We found that one-third of annual total runoff and nitrogen leaching loss come from heavy rainfall events, which happen on only about nine days per year on average across the basin. Nearly half to three-quarters of heavy rainfall in the basin occurs in spring and summer, with a monthly peak in May.

This timing coincides with the planting and seed germinating stages of corn, when the plants are using minimal amounts of nitrogen. We wondered whether changing when and how farmers apply fertilizer could reduce nitrogen runoff.

When to fertilize

When during the year to apply fertilizer is a long-standing question in both precision agriculture and environmental science. Midwest farmers apply over 90% of nitrogen fertilizer before crops germinate in springtime and after harvesting. This means that a fair amount of available nitrogen accumulates in the soil before crops start taking it up.

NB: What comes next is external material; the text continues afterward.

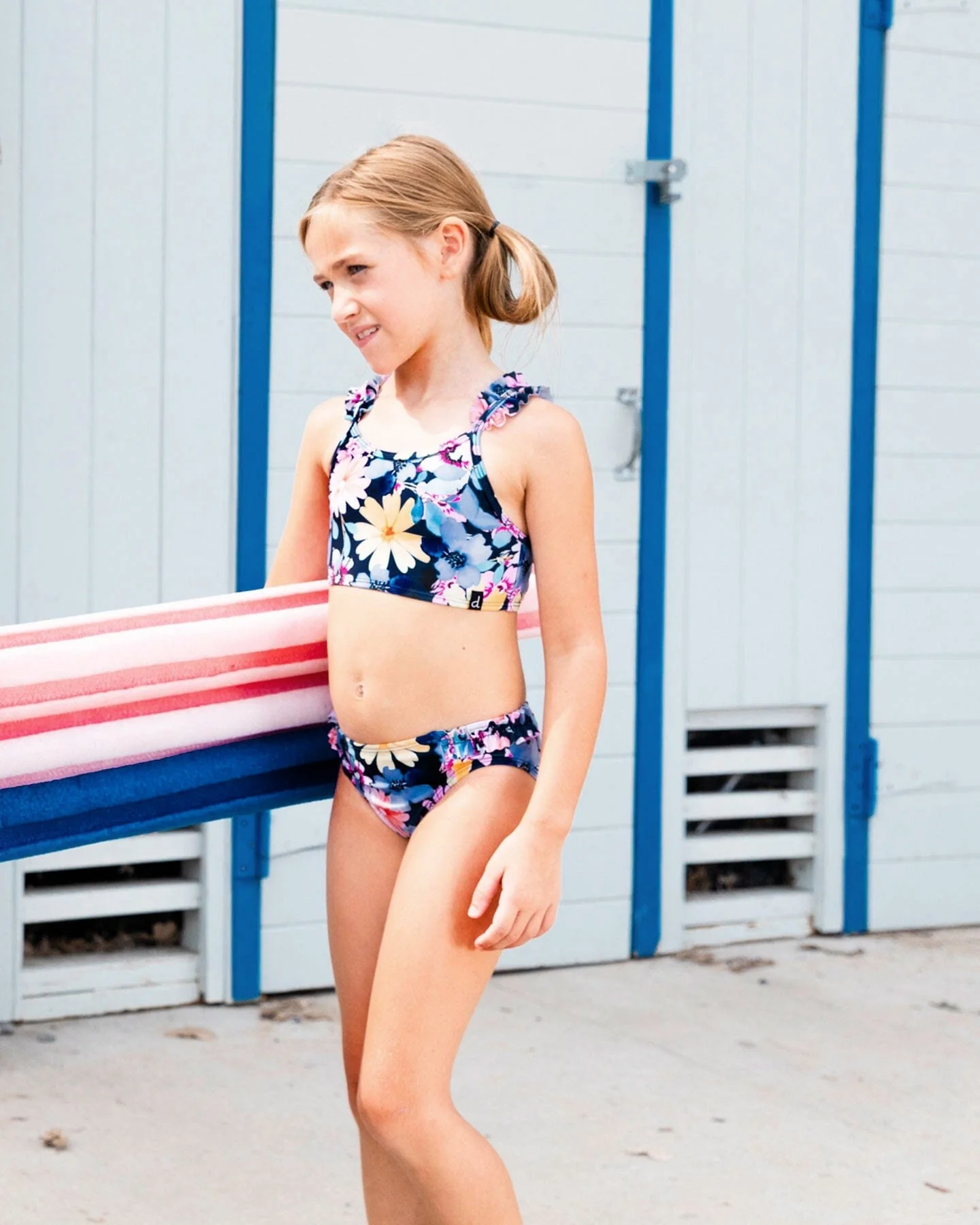 Printed Two-Piece Swimsuit Navy And Yellow And Pink Flowers - Deux par Deux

When heavy rainfalls occur, it is likely to be washed out.

We set up modeling experiments to test whether postponing fertilizer application could make the water running off of farmlands cleaner. In our alternative fertilizer management scenario, we assumed fertilizer was applied only twice, after crops developed. We expected this would reduce the amount of unused nitrogen accumulating in soils.

Our results predicted that this modification could reduce nitrogen loading to the Gulf of Mexico by up to 16%. This would be a significant step toward goals set by the U.S. Environmental Protection Agency, which is working with states to reduce nutrient loads entering the Gulf of Mexico by 20% by 2025 and 45% by 2035.

However, even under the postponed fertilizer application scenario, we still found the frequent heavy rains in the recent decade could enhance nitrogen loss during summer and early fall. Scientists predict that if climate change continues at its current rate, it will cause more extreme rainfall events in the Midwest, which, we think, would reduce environmental benefits from alternative nitrogen management practices.

Reducing the amount of nitrogen that escapes from land into water bodies while maintaining food production is a significant challenge. Our study complements the well-known 4R concept for managing nutrients: Using the right fertilizer product, at the right rate, at the right time, and in the right place. To get that timing right, our research shows that along with crop nitrogen demand, farmers should also consider the occurrence of heavy rainfall.